One morning, at 14 months, I saw she hadn’t finished her bottle of mama milk, having slept through, and I gave her the ounce and she wanted more. Her brother was latched and I said “the milk is in there, if you want it, you get it” and offered her the breast. She took it! She stayed latched on and off and with a truly worrying and painful latch for half an hour. She actually loves breastfeeding now and she barely looked back. After a few days we removed the night bottle. She does like water in the night as my supply is obviously not so refreshing. Otherwise she breastfeeds in the night, in the morning (when there is ‘lots’ of milk) to go down for naps and to wake up from naps, when she hasn’t seen me in a while, or just whenever really, in the carrier she reaches down to feel my breasts especially if she is worried. I am just astounded at how like a regular breastfeeding near toddler she looks. After the first couple of days with horrid latch and much nipple twiddling and sticking fingers in my mouth (breastfeeding baby things she hadn’t really done before, she settled greatly.) I actually think the lack of milk helped her latch, as she had to suck properly to get anything! I am sure she is laughing more and seems more relaxed but that could be a developmental leap. I hope this helps my milk supply (I emailed Jack Newman and one point “anything can happen” if you get the baby back to the breast basically summed up his position) and her growth and health but I believe it has at least been healing for us and it sure beats exclusively pumping for 4.5oz a day!

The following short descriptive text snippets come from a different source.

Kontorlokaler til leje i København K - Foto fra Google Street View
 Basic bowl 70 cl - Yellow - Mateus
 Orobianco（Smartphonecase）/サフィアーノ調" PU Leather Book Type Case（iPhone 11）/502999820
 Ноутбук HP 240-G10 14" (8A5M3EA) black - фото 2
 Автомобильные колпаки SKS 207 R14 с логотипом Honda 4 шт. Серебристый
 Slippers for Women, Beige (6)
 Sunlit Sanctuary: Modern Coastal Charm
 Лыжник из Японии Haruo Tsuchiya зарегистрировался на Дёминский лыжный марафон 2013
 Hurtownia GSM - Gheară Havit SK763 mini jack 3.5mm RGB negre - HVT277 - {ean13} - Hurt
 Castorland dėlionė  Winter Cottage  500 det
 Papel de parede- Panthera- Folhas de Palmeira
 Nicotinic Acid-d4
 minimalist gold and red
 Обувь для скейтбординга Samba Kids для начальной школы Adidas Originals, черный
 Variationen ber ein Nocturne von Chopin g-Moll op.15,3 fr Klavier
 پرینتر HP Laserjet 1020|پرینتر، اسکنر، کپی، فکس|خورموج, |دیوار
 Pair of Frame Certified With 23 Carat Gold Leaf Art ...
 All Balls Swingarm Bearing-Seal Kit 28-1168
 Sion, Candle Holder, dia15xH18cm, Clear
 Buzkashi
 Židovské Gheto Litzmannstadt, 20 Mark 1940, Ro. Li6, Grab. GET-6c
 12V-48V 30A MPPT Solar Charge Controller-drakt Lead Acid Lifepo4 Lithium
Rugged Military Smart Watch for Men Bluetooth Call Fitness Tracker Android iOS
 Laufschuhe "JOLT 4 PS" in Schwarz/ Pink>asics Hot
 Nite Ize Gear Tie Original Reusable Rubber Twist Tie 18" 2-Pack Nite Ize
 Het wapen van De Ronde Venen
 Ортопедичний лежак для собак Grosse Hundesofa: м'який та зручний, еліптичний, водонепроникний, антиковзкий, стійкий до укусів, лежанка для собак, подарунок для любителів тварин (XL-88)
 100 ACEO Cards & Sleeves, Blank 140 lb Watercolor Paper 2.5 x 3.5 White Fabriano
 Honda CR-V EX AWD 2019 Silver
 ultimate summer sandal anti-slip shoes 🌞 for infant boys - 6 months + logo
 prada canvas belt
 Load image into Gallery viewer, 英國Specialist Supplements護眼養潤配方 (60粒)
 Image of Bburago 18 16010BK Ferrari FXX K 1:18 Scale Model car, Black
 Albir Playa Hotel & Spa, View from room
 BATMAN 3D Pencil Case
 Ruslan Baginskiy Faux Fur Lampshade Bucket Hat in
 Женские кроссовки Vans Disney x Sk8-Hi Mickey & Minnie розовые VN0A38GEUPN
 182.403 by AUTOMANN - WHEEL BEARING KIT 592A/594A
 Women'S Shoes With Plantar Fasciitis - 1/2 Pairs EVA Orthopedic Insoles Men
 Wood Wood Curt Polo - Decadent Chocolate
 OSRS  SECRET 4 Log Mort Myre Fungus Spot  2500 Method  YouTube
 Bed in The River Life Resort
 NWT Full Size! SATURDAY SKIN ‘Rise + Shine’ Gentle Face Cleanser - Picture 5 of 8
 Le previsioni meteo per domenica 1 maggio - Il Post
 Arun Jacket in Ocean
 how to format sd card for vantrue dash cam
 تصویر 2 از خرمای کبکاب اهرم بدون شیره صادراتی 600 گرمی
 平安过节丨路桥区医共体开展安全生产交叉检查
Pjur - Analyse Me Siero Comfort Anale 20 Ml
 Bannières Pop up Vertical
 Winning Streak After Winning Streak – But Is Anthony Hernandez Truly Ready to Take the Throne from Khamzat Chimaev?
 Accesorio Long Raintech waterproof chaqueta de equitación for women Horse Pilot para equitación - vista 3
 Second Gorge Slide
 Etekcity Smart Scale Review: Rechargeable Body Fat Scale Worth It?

For anyone wondering, it appears from imaging that I had a “complete response to treatment” so I decided to keep my affected breast. This is against medical advice, however, there is currently a Mayo Clinic trial for women with the cancer I had who have a biopsy confirmed complete response and keep their breast; a medic let this slip in discussion. So it does appear there is a precedence for such a choice.